* [Material supplied]
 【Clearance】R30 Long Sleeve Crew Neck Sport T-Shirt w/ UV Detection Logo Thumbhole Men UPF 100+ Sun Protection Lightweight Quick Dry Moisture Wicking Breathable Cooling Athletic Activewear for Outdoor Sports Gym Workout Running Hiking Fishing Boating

...

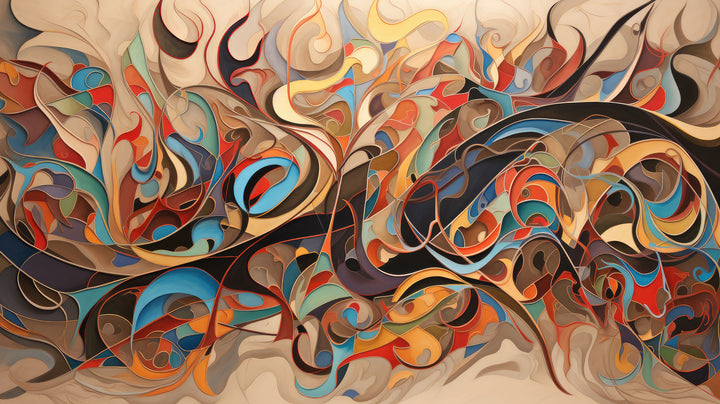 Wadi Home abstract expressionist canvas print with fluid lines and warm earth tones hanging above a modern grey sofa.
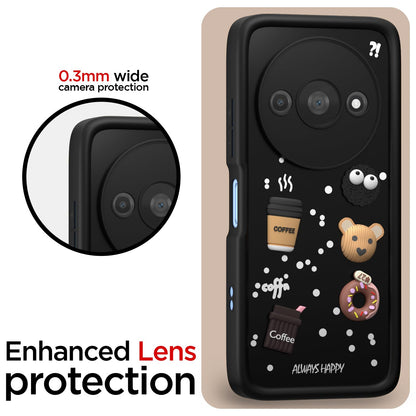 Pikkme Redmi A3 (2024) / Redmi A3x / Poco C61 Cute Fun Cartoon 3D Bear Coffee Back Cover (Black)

* [Problem details]
From the listing above, repeat only the lines between the line containing "Wadi Home abstract" and the line containing "Pikkme Redmi A3", those two included. Pictures are not part of the copy.

* [Response to the exercise]
 Wadi Home abstract expressionist canvas print with fluid lines and warm earth tones hanging above a modern grey sofa.
 Pikkme Redmi A3 (2024) / Redmi A3x / Poco C61 Cute Fun Cartoon 3D Bear Coffee Back Cover (Black)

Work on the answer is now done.